(Scraped caption text data)
Content starts

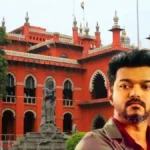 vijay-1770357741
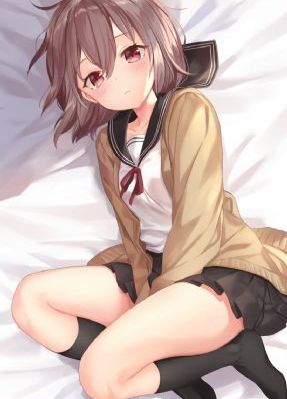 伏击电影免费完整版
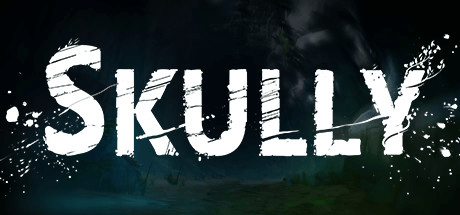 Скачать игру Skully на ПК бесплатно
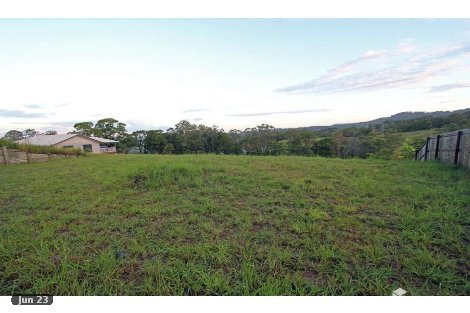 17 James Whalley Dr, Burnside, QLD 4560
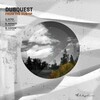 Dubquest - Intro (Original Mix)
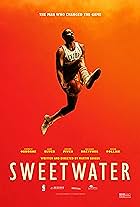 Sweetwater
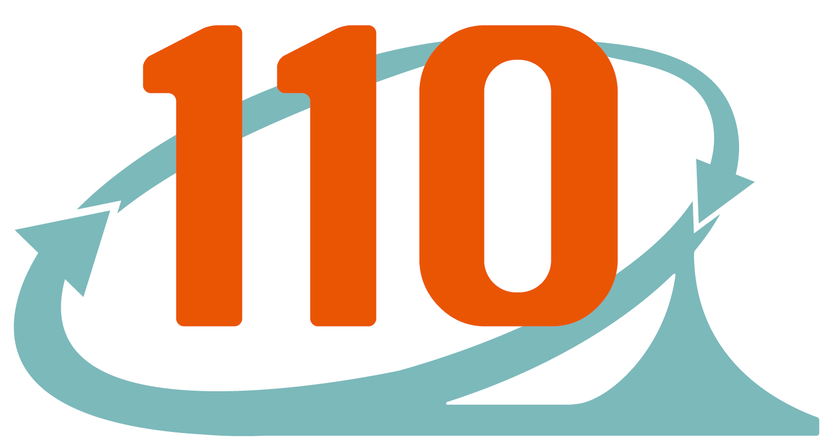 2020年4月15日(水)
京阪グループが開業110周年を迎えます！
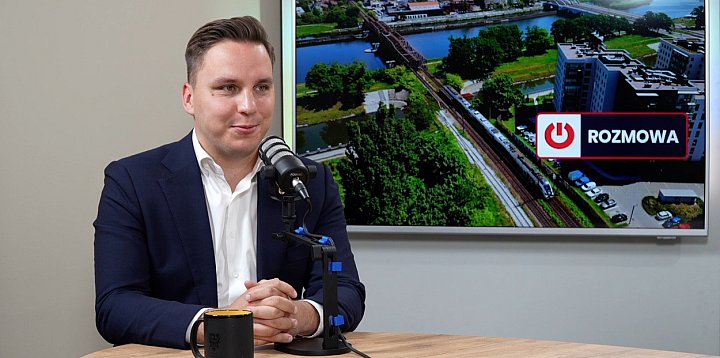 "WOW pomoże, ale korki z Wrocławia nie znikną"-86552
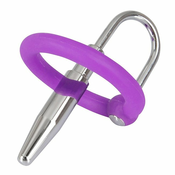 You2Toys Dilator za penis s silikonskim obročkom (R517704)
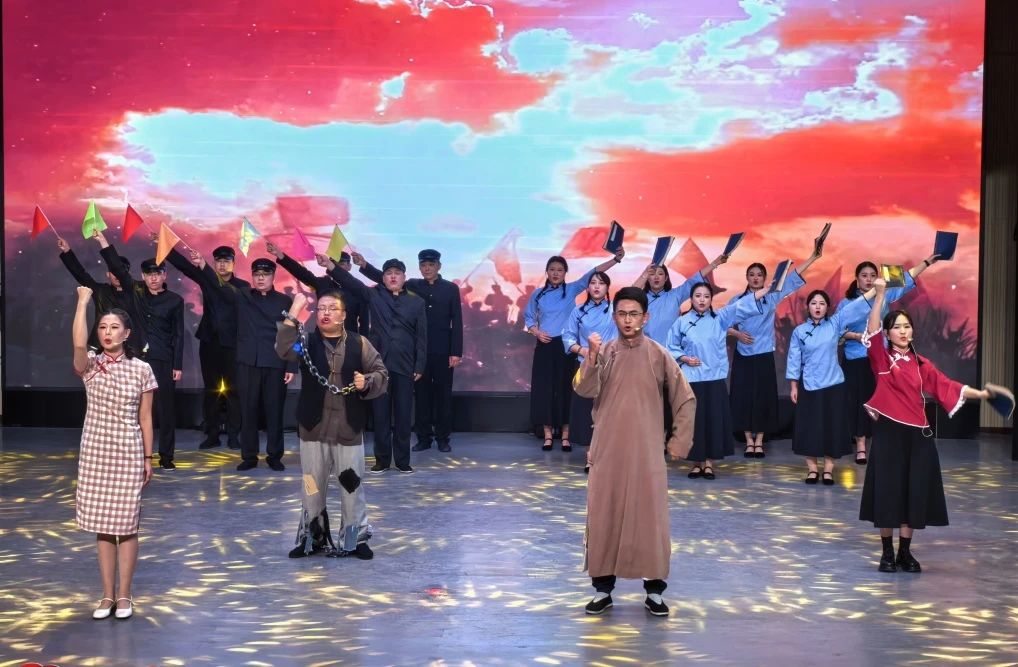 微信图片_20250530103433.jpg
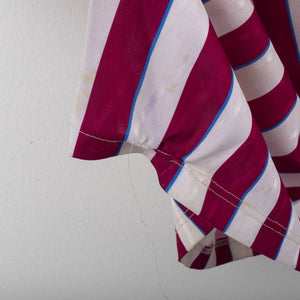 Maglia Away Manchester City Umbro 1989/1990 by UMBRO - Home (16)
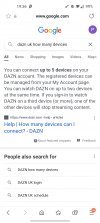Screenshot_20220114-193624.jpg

Content ends

> _TASK PROMPT_
Restate word for word the lines starting at the one that contains "Dubquest - Intro (Original Mix)" and ending at the last line of the data. Skip every picture.

> _WORKED SOLUTION_
 Dubquest - Intro (Original Mix)
 Sweetwater
 2020年4月15日(水)
京阪グループが開業110周年を迎えます！
 "WOW pomoże, ale korki z Wrocławia nie znikną"-86552
 You2Toys Dilator za penis s silikonskim obročkom (R517704)
 微信图片_20250530103433.jpg
 Maglia Away Manchester City Umbro 1989/1990 by UMBRO - Home (16)
Screenshot_20220114-193624.jpg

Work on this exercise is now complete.